L’investissement dans la pierre demeure parmi les placements les plus convoités par les investisseurs, du fait de sa rentabilité et de sa capacité de valorisation, surtout s’il est choisi de manière judicieuse, et ce sur la base de son emplacement ou de sa rareté.
Comme nous le savons, certains investissent dans l’immobilier dans le but de générer une rente locative afin de constituer un patrimoine durable, au moment où d’autres le font par plaisir ou par coup de cœur pour un bien, et en font une maison secondaire ou même principale. Dans ce dernier cas, les biens peuvent être conservés sur plusieurs années avant d’être revendus, ce qui est également bénéfique pour l’optimisation de la plus-value immobilière au moment de la transaction. Ainsi, si vous êtes dans une situation où vous vendez un bien, faites en sorte de bénéficier des exonérations en vigueur pour l’année 2026.

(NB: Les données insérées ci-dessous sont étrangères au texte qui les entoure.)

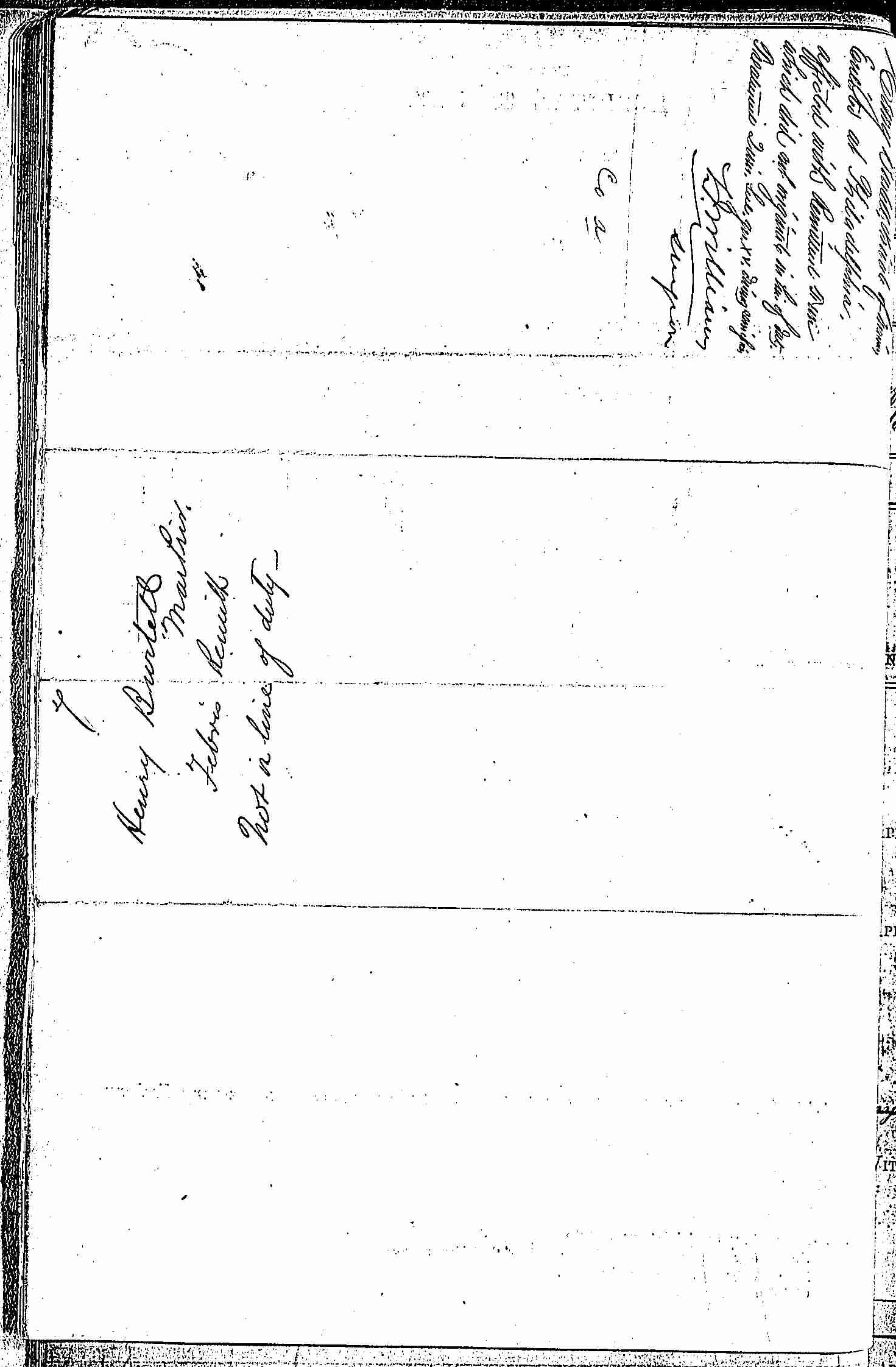 Entry for Henry Burtell (page 2 of 2) in the log Hospital Tickets and Case Papers - Naval Hospital - Washington, D.C. - 1865-68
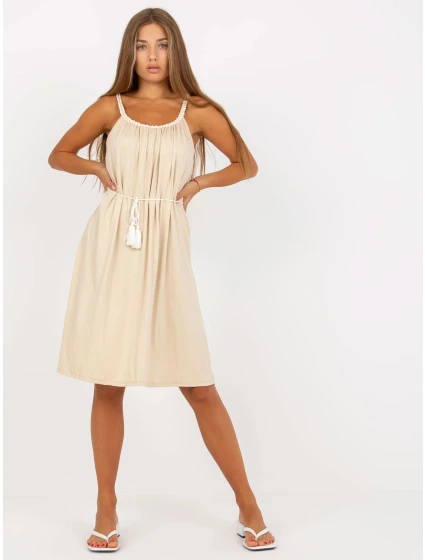 Dámské šaty DHJ SK model 18398616 béžová - FPrice Dámské šaty DHJ SK model 18398616 béžová - FPrice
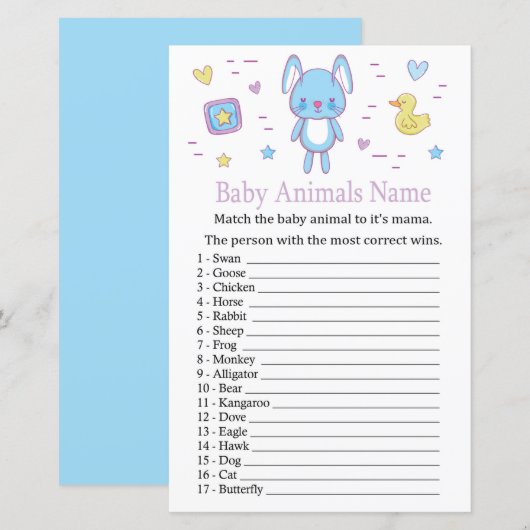 Blue Rabbit Baby Animals Name Game (Voorkant / Achterkant)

Vendre un bien en 2026 : quelles exonérations fiscales pouvez-vous obtenir ?
Plusieurs d’entre vous souhaitent peut-être mettre en vente leur bien immobilier. À ce titre la loi de finances de l’année 2026, permet de bénéficier de certaines exonérations auxquelles vous êtes, éventuellement, éligible. Selon Idriss El Houari, Expert en fiscalité et directeur du cabinet Al Amana consulting : « La principale exonération est en matière de taxe sur les plus-values immobilières. Ainsi la loi de Finances de 2026 permet une exonération totale si le bien est une résidence principale et a été occupé comme telle par son propriétaire pendant une durée minimale de 5 ans, et ici il peut s’agir de n’importe quel type de bien, maison ou appartement. Une autre exonération est également prévue par la loi de finances 2026, c’est quand le prix de vente est faible, et dont le montant total de cession ne dépasse pas 140 000 DH dans l’année civile ».
Quid des opérations non financières ?
Il faut savoir que dans le cadre des opérations immobilières, toutes les transmissions de biens ne donnent pas toujours lieu à une imposition au titre de la plus-value immobilière. En effet, lorsque le transfert de propriété s’effectue sans contrepartie financière, l’opération échappe à l’impôt sur les plus-values immobilières. D’ailleurs, d’après Idriss El Houari toujours : « Le transfert immobilier sans contrepartie comme quand il s’agit de donation, de partage ou d’héritage, n’est pas soumis à l’Impôt sur les plus-values immobilières car il n’y a pas de profit réalisé dans le cadre d’une cession à titre onéreux ». L’absence de cession à titre onéreux signifie qu’aucun profit réel n’est réalisé par le propriétaire, ce qui justifie l’exonération fiscale prévue par la législation en vigueur. Toutefois, il est important de noter que la donation ou partage d’un bien immobilier de parent à enfant (ou inversement) est soumis à un droit d’enregistrement réduit de 1,5 % de la valeur du bien.